If you ask anyone – Chicago native or tourist – to name one building in the city, odds are they’ll say Willis Tower (or perhaps Sears Tower, since the name only recently changed). This goliath skyscraper towers over the skyline, standing as a landmark beacon from vantage points even miles away. But how much do you really know about the famed Willis Tower? Today, we take a closer look at the building’s rich history.
The History of Willis Tower
One of the most contentious debates among Chicagoans this millennium has been whether they’ll call Willis Tower by its new name – or stick to tradition and refer to it as the Sears Tower. The tower was first envisioned in 1969 by the department store and its original namesake, Sears and Roebuck Company. Needing a place to house their 350,000 employees, the leading retailer commissioned architectural firm Skidmore, Owings and Merrill to complete the task.

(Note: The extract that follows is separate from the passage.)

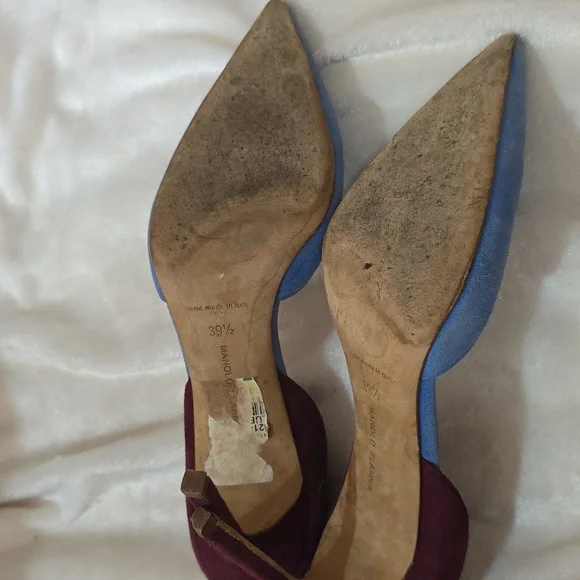 Manolo Blahnik Tayler Suede Heels - Purple, Blue, - Picture 8 of 10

And complete the task they did. Groundbreaking on the superstructure occurred a year later in 1970, and when the tower was completed three years later, it stood proud and tall at 108-stories as the world’s tallest building (surpassing even the World Trade Center in New York City). This soaring frame was made possible by a steel-framed bundled-tube construction, and boasts being the first building to use this structurally efficient and economic method.

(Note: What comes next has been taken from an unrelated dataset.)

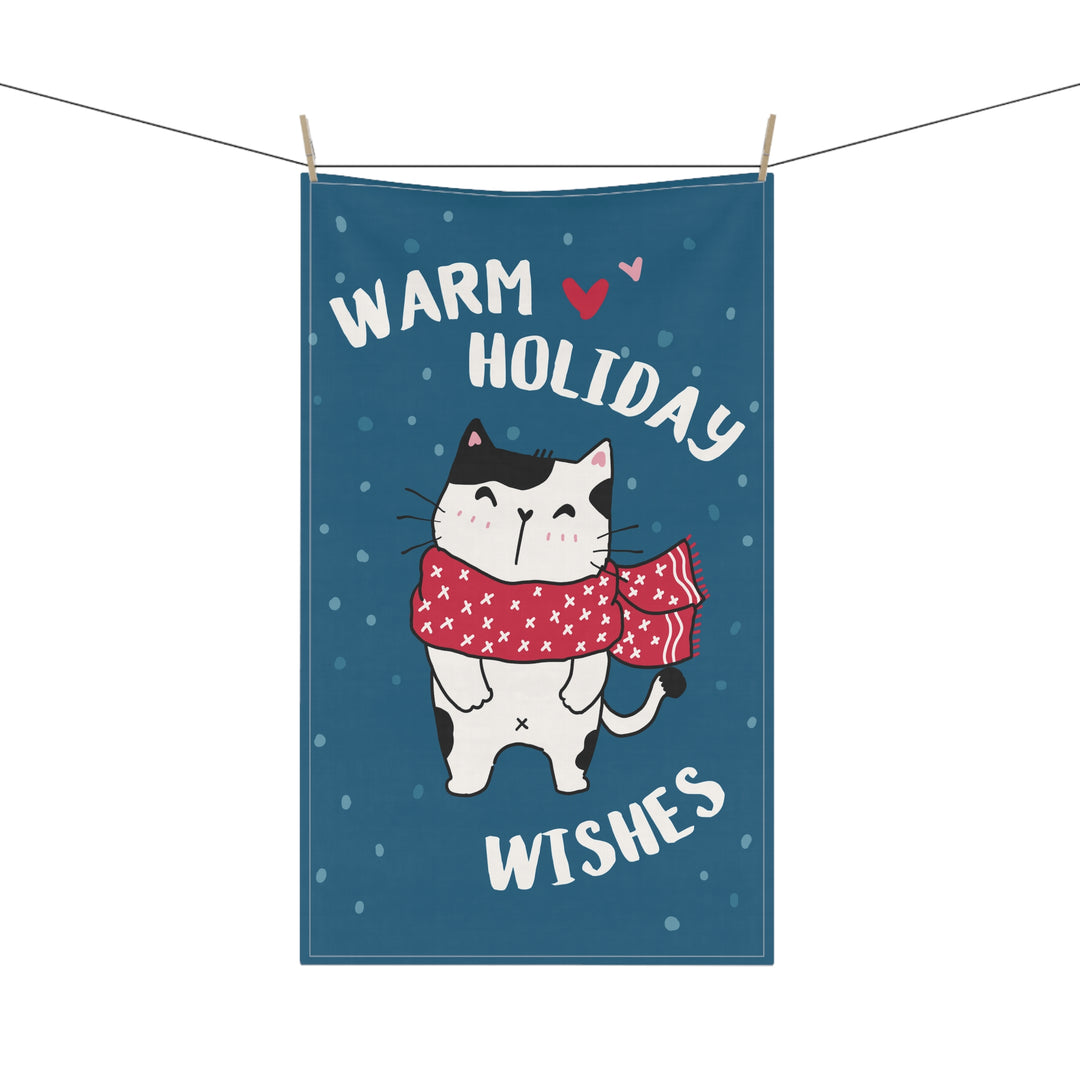 Cotton Twill Tea Towel / Merry Catmus Collection / Blue - 4 Design Choices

Though Sears and Roebuck Company sold the tower and moved out eighteen years later, the newly-named Willis Tower continues to host companies such as United Airlines (its largest tenant) and its new namesake, Willis Towers Watson.
Not Your Average Office Building
Having held the title of the world’s tallest building until being unseated from the throne in 1998, Willis Tower naturally had to welcome visitors to come witness the outstanding views. The building’s world-renowned observation deck, the Skydeck, has been open since 1974. Located on the 103rd floor and standing at an elevation of 1,353 feet, visitors (on a clear day) can see as far as Indiana, Michigan and Wisconsin as they feel the building sway in the wind.
In 2009, the same year as the building’s name change, the Skydeck underwent renovation to now include glass boxes that jut four feet out over the skyline, informally dubbed “The Ledge.” Thrill-seeking visitors experience the sensation of floating above the city skyline while enjoying the famous view – a view which draws in 1.9 million visitors annually.
Naturally, such a structure attracts thrillseekers of a different kind as well. In 1981, a man named Dan Goodwin donned a Spiderman suit, some suction cups, camming devices and skyhooks scaled the entire tower. The attempt took him seven hours, despite the Chicago Fire Department’s best attempts to stop him, and he was arrested when he reached the top. In 1999, another Spiderman impersonator, Alain “Spiderman” Robert attempted the same journey as his predecessor, this time with only his bare hands and feet… he was mostly successful.
If that last paragraph tempts you to try your own risky ascent, know that an annual charity event, named SkyRise Chicago, legally allows visitors to climb the tower’s 103-story staircase, making it the world’s tallest indoor stair climb.
Whether it’s from a passing car on Lakeshore Drive, peering up into the sky as you traverse downtown, or running up a 103-story staircase, there’s many ways to appreciate the rich history and beautiful views the Willis Tower brings to Chicago’s city skyline.